*Instructions for the task*. Return the material exactly, first line through the line containing "Majestic Phoenix Soars", and nothing more. Pictures stay out.

#### Material provided ####

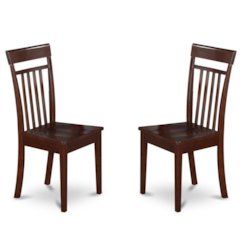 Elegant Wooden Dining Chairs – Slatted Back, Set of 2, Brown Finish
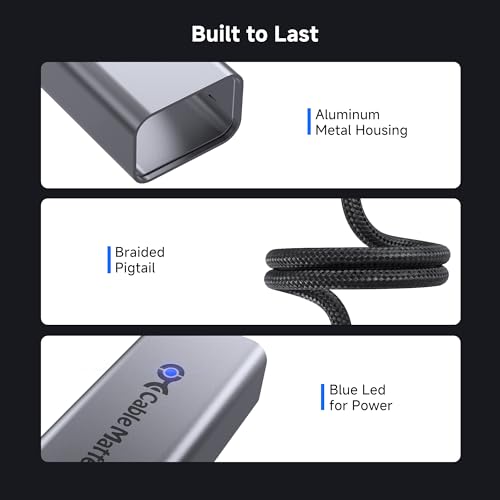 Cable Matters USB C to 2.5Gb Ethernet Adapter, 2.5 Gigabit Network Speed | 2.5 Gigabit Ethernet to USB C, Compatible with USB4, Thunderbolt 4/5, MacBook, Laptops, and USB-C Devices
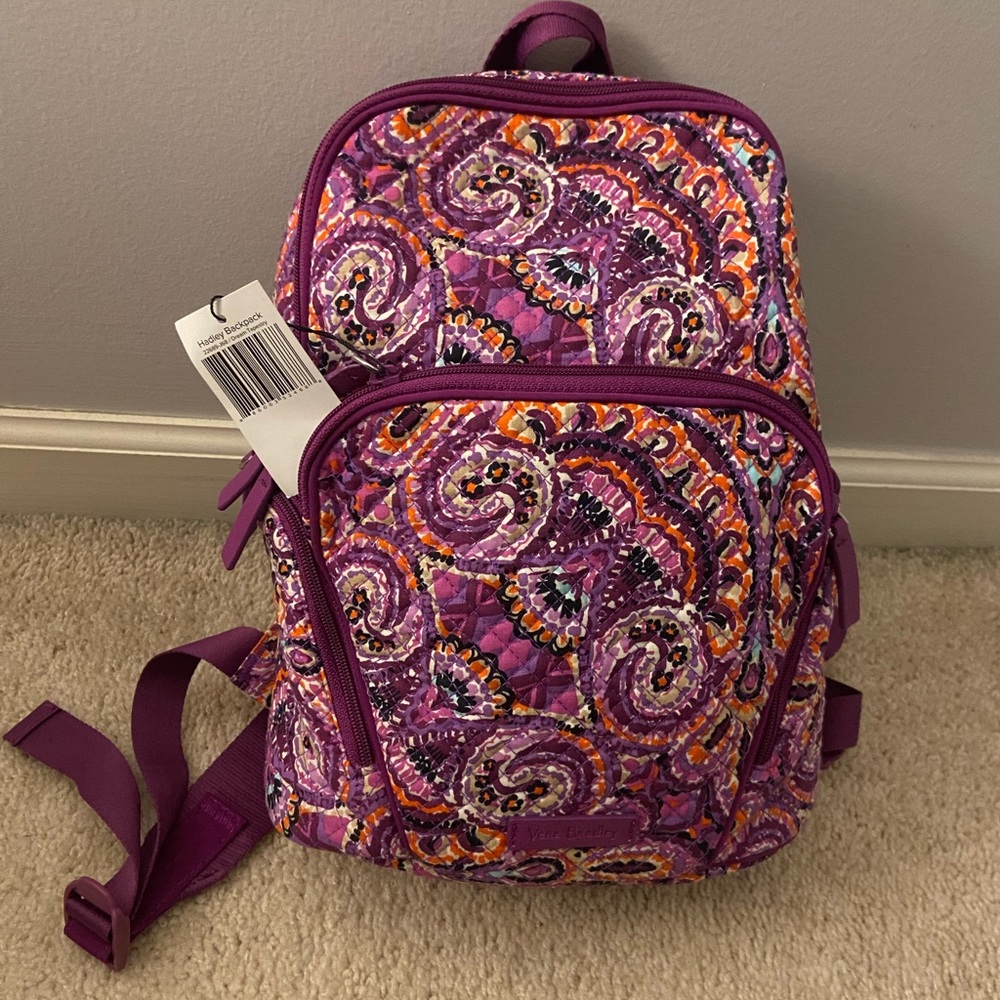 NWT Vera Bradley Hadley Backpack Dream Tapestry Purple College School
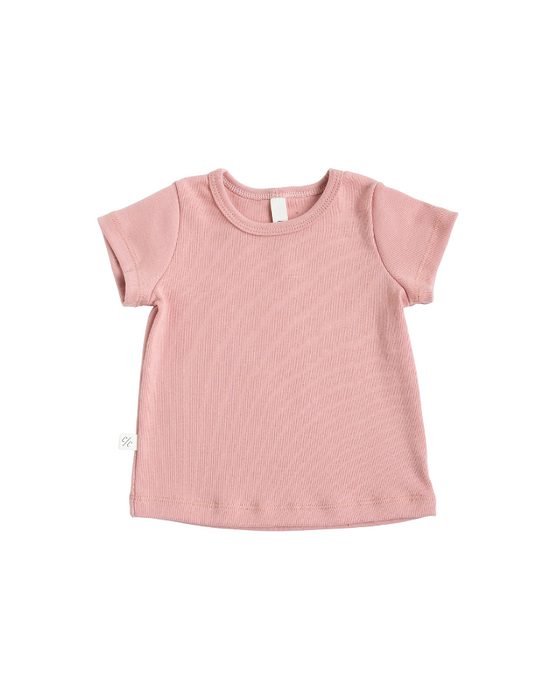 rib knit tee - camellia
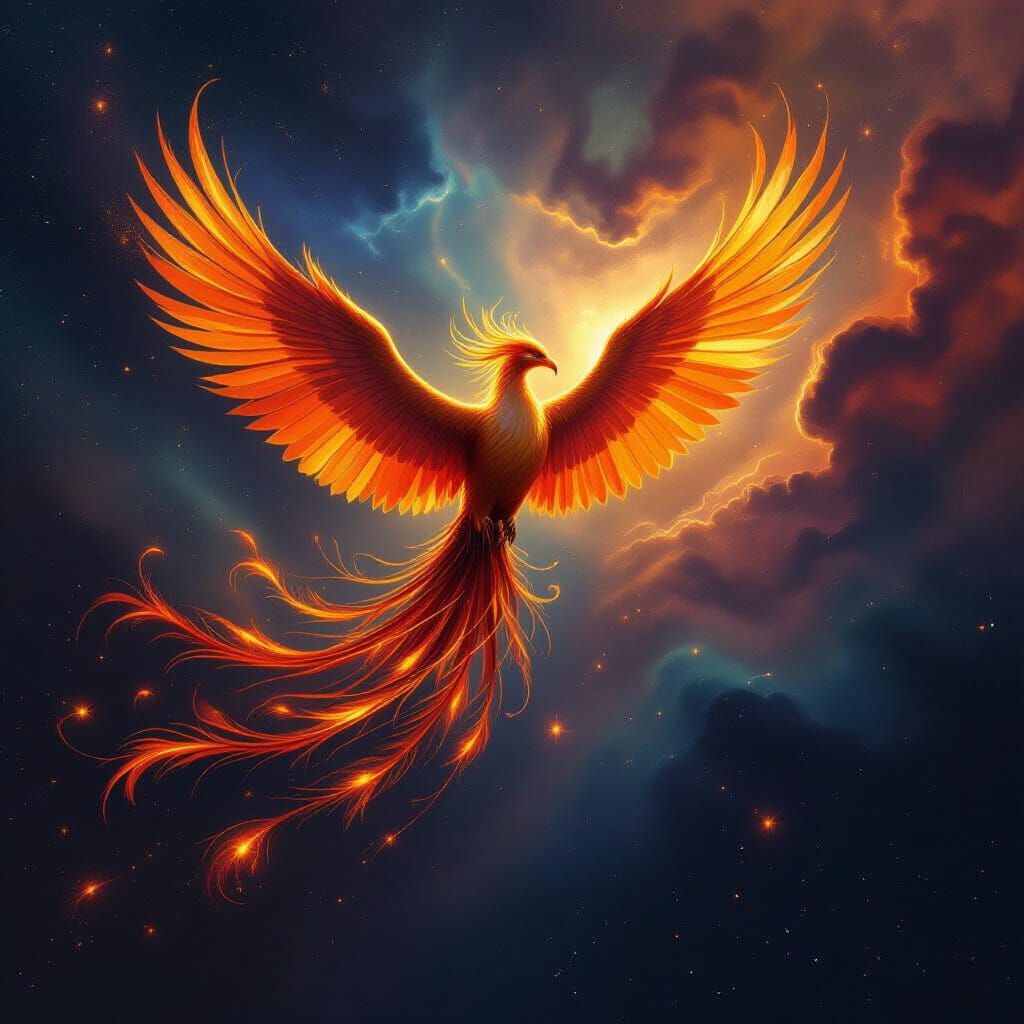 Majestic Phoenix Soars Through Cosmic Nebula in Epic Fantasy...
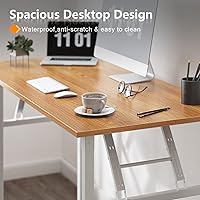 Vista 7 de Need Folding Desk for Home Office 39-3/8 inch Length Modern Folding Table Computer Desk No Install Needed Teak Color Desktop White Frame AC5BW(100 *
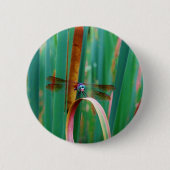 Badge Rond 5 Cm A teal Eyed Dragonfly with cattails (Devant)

####

*Output of the task*.
 Elegant Wooden Dining Chairs – Slatted Back, Set of 2, Brown Finish
 Cable Matters USB C to 2.5Gb Ethernet Adapter, 2.5 Gigabit Network Speed | 2.5 Gigabit Ethernet to USB C, Compatible with USB4, Thunderbolt 4/5, MacBook, Laptops, and USB-C Devices
 NWT Vera Bradley Hadley Backpack Dream Tapestry Purple College School
 rib knit tee - camellia
 Majestic Phoenix Soars Through Cosmic Nebula in Epic Fantasy...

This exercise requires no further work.